The Germans never had enough resources for the kind of war they went to fight in the Soviet Union. Firstly, most of their army was horse-drawn, and most of the transport that was mechanised was requisitioned from the occupied countries. Germany, at the start of the war, had the lowest level of transport mechanisation of any Western power. They relied far more on horses than France, Britain or the US. They did not have resources to mechanise their army sufficiently to launch a strategic war against Russia.
Secondly, in order to cripple Soviet industry and the transport infrastructure, they would have had to have developed a strategic bomber force on the lines of the British and Americans. After the death of General Wever, just before the war, they abandoned the idea of the strategic bomber altogether in favour of the Ju 88, which was never intended for strategic bombing. Thus, they never had the ability to bomb behind the Urals or to reach the Caucasus.
Thirdly, they would have needed a much stronger armoured mechanised force than the mere 20 or so panzer divisions with which they invaded Russia. Also, they should have designed their armour with wide tracks for Russia’s road-less conditions, and with sufficient armament to have taken on the T-34 and the KV-1. As it was, their intelligence on the Soviet Union and its resources, especially manpower potential, was abysmal to non-existent.
One possible winning strategy for them would have been to have invaded only the Ukraine, with a blocking force at the Pripet marshes. They could have granted independence to the Ukrainians, set up an anti- Communist puppet government, and used the Ukrainians to help fight the Soviet army. Meanwhile, German armoured and mechanised forces could have had to make a dash for the Caucasus and the oilfields.
The strategic bombers the Germans never had, could have been used to destroy the oil transfer points on the Caspian to prevent Stalin from receiving oil supplies – without, however, destroying the fields themselves. Once the panzer forces had arrived in the Caucasus, say about six months after the invasion, they may have been able to capture the fields intact, or at least to deny them to the Soviets.
At that time, the Caucasus oilfields were the only source of oil the Soviets had. If this ‘Ukrainian’ strategy had been planned for from the outset – with an appropriate build-up of bomber and panzer forces – the Germans may have been able to force Stalin to the negotiating table by denying him his oil supplies. They should have done this rather than waste good pilots and aircraft in futile battles over Britain.
This at least is my take on Barbarossa. I believe that Hitler had a very strong intuition about the importance of going for the Caucasus straightaway, but his tunnel-visioned and hidebound generals believed in conventional warfare and conventional targets like cities. It was they, rather than he, who believed that the Russians would collapse under the weight of the blitzkrieg and that the war would be over in a few months.

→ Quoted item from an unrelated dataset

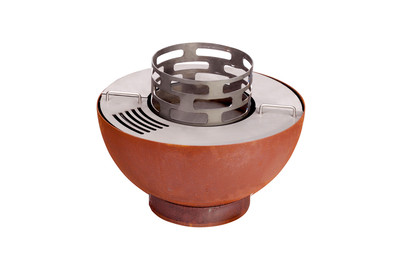 Image of Feuer- und Grillkugel Fireball PRO 60, gerostet, Ø 60cm bei JUMBO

This was based more on ideology, wishful thinking, and a total underestimation of the Soviet system than on any rational appraisal of such intelligence as they had. Barbarossa as it was fought was doomed from the start, because Hitler and his generals had completely divergent views on the Soviet Union and how to tackle it. German generals, perhaps like generals anywhere, were trained to plan and think about tactics on the battlefield, not the overall strategy of the war. In the latter, they were especially hidebound. They had not learnt from the First World War that fighting the Russians was primarily a matter of strategy, not of tactics.
Had the Germans in 1941 prepared for, and applied the Soviet strategic concept of ‘offensive in depth’ – the basis of the spectacularly successful Soviet invasion of occupied Eastern Europe in 1944-1945 – Barbarossa might have succeeded.
Philip Andrews is a Second World War researcher and Military Times subscriber.
Your analysis is pretty much spot on, but I doubt that the Ukrainian strategy was viable. The Germans had enormous difficulty maintaining supply lines to Stalingrad (Volgograd). The difference in railway gauge coupled with the lack of mechanized transport were the death knell for German adventures in Azerbaijan. Even if they had taken Stalingrad, they would still have needed to cross the Caucasus, where the Panzers would have given up their mobility advantage. And, as repeated engagements in Afghanistan, Ossetia, and other mountains regions in south Asia have demonstrated, it is extremely difficult and costly to conquer an enemy entrenched in mountainous strongholds.